▼
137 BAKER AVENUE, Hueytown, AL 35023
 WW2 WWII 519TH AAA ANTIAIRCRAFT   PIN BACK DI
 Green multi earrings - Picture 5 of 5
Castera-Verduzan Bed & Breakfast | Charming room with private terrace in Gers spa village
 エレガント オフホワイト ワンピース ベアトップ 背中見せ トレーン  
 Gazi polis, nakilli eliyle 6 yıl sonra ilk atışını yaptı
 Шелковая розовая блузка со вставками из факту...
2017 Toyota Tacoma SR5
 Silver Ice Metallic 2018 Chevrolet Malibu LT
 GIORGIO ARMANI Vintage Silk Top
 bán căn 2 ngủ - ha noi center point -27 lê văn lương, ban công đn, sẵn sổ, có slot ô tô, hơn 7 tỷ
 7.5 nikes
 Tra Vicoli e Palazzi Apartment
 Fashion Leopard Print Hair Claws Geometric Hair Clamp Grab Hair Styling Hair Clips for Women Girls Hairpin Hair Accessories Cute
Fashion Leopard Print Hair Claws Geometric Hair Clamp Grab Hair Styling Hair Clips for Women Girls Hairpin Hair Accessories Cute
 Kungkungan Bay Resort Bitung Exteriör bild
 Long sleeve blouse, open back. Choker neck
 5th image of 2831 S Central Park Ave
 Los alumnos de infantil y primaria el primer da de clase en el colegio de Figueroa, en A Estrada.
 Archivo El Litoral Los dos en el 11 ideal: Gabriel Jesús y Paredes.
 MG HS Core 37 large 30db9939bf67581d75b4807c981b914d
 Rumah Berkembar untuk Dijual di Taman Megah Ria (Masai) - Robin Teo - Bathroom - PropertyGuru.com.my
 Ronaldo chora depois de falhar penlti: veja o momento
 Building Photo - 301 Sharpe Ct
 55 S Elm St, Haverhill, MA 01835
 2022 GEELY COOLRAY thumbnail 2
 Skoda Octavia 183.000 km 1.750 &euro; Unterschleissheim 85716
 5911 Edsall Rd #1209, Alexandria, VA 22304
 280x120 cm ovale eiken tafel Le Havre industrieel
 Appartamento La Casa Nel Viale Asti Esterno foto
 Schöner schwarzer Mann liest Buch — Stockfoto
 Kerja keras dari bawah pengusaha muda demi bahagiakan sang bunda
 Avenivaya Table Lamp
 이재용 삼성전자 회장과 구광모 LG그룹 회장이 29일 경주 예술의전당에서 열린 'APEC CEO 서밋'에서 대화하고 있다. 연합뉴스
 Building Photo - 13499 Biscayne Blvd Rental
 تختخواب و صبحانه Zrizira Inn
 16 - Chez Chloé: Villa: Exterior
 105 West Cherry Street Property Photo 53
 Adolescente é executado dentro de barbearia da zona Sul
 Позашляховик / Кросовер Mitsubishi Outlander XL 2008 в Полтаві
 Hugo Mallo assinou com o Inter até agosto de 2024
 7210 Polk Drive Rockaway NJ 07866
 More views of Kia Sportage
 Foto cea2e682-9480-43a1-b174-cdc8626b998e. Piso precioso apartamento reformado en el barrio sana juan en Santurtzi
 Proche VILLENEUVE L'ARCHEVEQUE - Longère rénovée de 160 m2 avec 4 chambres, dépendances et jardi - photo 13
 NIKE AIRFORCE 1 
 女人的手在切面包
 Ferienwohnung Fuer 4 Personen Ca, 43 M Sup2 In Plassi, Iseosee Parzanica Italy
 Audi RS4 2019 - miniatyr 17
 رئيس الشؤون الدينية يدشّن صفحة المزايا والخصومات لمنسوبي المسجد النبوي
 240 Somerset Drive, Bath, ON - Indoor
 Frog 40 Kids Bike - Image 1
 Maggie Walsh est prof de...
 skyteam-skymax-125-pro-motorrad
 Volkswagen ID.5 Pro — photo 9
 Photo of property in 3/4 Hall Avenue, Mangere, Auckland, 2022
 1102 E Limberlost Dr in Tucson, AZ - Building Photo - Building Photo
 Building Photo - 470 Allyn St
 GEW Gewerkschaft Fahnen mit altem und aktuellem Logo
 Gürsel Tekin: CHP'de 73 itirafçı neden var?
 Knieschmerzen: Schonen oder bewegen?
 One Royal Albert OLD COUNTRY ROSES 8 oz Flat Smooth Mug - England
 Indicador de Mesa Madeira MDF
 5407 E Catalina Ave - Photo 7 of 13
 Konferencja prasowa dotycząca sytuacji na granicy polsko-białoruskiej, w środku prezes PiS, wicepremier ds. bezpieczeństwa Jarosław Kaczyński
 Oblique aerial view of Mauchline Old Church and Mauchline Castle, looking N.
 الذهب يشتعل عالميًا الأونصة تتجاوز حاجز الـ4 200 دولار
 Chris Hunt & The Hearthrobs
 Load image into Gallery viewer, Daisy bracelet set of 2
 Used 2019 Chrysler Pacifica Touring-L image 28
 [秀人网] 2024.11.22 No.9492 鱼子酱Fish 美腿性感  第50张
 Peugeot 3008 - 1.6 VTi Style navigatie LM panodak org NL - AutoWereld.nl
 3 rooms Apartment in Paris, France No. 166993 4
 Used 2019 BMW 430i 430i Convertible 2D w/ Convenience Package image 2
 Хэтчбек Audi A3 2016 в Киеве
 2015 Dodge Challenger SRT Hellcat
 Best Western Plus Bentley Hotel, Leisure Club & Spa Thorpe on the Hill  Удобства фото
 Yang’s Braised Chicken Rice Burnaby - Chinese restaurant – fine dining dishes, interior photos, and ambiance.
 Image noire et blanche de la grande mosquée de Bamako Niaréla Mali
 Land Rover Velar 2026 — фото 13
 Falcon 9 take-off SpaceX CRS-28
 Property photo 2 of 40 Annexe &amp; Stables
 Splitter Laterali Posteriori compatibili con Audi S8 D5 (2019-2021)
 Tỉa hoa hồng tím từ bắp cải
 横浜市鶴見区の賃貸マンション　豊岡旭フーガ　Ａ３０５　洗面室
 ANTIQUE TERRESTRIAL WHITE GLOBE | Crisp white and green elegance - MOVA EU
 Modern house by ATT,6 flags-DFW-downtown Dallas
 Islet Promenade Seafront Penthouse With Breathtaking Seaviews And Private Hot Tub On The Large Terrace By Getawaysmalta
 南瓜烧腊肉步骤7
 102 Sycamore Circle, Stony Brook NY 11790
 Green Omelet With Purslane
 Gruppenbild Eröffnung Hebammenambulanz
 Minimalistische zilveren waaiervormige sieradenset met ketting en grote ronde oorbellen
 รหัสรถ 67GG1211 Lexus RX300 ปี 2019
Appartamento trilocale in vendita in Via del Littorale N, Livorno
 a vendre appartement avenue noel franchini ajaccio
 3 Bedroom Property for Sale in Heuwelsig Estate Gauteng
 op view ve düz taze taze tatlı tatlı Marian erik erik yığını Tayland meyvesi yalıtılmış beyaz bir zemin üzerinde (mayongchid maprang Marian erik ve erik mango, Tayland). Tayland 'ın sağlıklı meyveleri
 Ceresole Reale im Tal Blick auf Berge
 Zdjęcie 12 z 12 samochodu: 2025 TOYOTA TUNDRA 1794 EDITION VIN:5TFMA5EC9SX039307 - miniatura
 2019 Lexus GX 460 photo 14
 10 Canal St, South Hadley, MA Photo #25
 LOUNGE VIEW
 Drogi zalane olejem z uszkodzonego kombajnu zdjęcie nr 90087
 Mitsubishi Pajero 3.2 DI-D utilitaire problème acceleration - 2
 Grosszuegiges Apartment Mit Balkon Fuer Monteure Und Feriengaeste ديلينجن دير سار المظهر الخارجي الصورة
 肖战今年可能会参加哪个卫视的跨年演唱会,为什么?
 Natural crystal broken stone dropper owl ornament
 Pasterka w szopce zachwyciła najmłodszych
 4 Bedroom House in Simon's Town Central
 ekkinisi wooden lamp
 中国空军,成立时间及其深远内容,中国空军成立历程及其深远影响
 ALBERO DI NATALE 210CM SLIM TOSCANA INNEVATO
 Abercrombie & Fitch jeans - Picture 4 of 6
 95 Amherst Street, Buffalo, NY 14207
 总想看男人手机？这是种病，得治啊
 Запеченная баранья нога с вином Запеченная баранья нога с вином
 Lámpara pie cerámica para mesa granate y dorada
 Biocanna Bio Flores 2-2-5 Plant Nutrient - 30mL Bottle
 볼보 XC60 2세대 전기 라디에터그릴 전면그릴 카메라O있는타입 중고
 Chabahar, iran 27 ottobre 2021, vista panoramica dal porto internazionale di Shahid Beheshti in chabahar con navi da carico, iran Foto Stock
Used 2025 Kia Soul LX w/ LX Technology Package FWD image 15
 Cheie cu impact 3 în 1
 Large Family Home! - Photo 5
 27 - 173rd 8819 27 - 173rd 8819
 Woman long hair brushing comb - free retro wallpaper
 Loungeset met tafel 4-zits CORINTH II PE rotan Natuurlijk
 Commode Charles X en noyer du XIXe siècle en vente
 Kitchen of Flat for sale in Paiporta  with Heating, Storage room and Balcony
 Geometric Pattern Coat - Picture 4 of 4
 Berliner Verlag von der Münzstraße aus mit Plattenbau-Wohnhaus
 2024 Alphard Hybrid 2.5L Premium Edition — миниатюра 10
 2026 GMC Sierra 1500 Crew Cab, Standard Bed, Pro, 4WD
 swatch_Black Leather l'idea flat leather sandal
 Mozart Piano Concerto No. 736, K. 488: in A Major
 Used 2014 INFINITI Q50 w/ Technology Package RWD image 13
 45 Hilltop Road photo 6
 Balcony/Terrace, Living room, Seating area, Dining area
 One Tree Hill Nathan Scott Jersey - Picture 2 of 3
▲
▶ [Problem requirements] Transcribe exactly the line containing "ekkinisi wooden lamp" and all remaining lines of the material, ending with the last one.

▶ [Exercise output]
 ekkinisi wooden lamp
 中国空军,成立时间及其深远内容,中国空军成立历程及其深远影响
 ALBERO DI NATALE 210CM SLIM TOSCANA INNEVATO
 Abercrombie & Fitch jeans - Picture 4 of 6
 95 Amherst Street, Buffalo, NY 14207
 总想看男人手机？这是种病，得治啊
 Запеченная баранья нога с вином Запеченная баранья нога с вином
 Lámpara pie cerámica para mesa granate y dorada
 Biocanna Bio Flores 2-2-5 Plant Nutrient - 30mL Bottle
 볼보 XC60 2세대 전기 라디에터그릴 전면그릴 카메라O있는타입 중고
 Chabahar, iran 27 ottobre 2021, vista panoramica dal porto internazionale di Shahid Beheshti in chabahar con navi da carico, iran Foto Stock
Used 2025 Kia Soul LX w/ LX Technology Package FWD image 15
 Cheie cu impact 3 în 1
 Large Family Home! - Photo 5
 27 - 173rd 8819 27 - 173rd 8819
 Woman long hair brushing comb - free retro wallpaper
 Loungeset met tafel 4-zits CORINTH II PE rotan Natuurlijk
 Commode Charles X en noyer du XIXe siècle en vente
 Kitchen of Flat for sale in Paiporta  with Heating, Storage room and Balcony
 Geometric Pattern Coat - Picture 4 of 4
 Berliner Verlag von der Münzstraße aus mit Plattenbau-Wohnhaus
 2024 Alphard Hybrid 2.5L Premium Edition — миниатюра 10
 2026 GMC Sierra 1500 Crew Cab, Standard Bed, Pro, 4WD
 swatch_Black Leather l'idea flat leather sandal
 Mozart Piano Concerto No. 736, K. 488: in A Major
 Used 2014 INFINITI Q50 w/ Technology Package RWD image 13
 45 Hilltop Road photo 6
 Balcony/Terrace, Living room, Seating area, Dining area
 One Tree Hill Nathan Scott Jersey - Picture 2 of 3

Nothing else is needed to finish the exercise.